Material supplied:

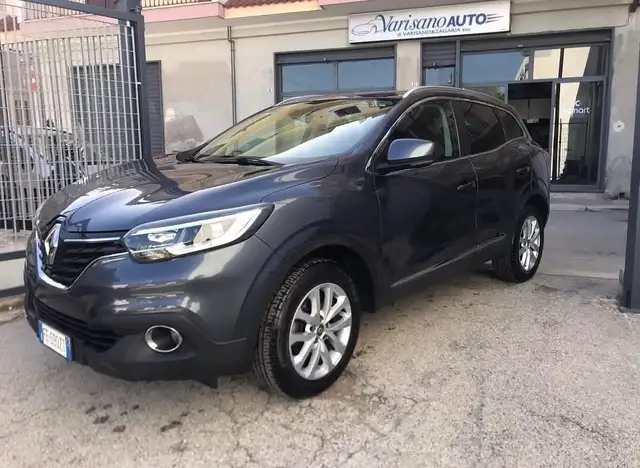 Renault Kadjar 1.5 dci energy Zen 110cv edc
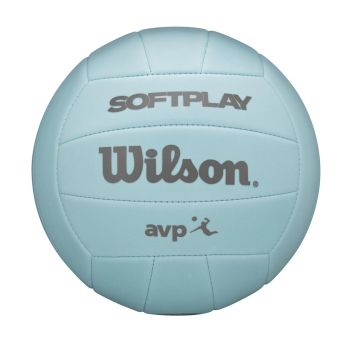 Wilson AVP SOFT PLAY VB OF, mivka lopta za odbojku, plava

...

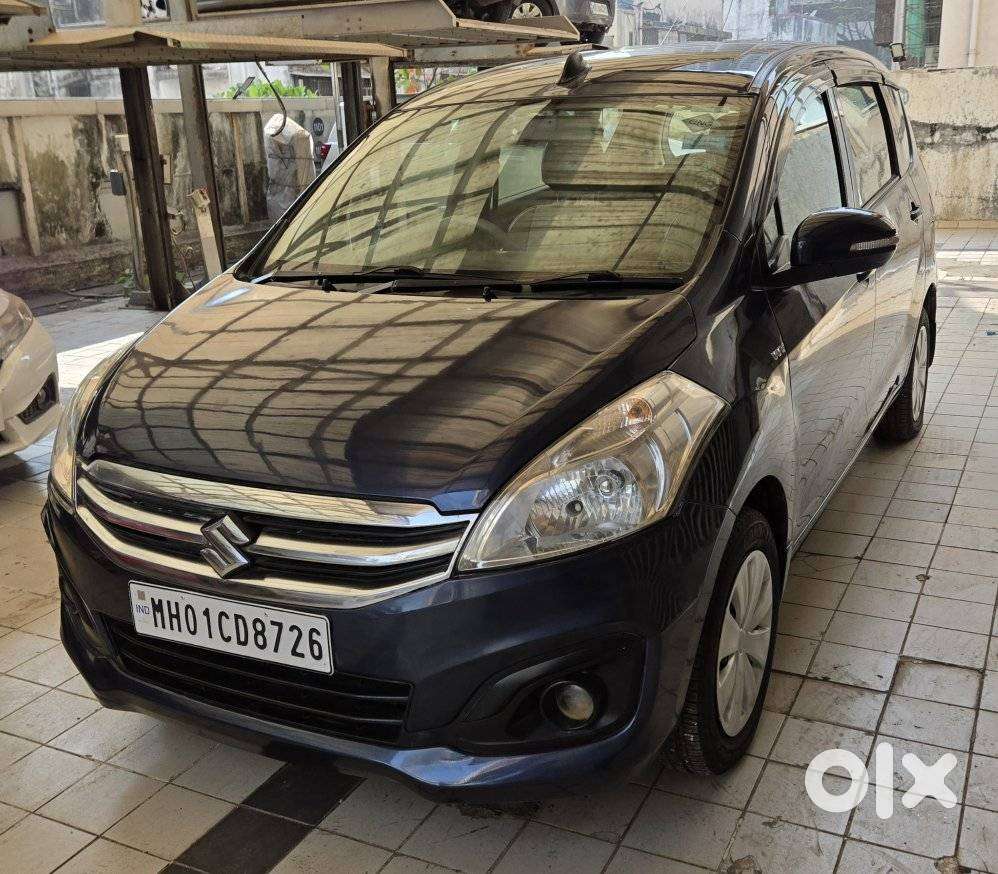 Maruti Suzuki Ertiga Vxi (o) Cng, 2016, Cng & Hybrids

Required work: Within the listing above, the stretch from the line with "Renault Kadjar 1.5 dci energy Zen 110cv edc" down to the line with "Wilson AVP SOFT" is to be given again exactly, end lines included and pictures excluded.

Answer to the exercise:
 Renault Kadjar 1.5 dci energy Zen 110cv edc
 Wilson AVP SOFT PLAY VB OF, mivka lopta za odbojku, plava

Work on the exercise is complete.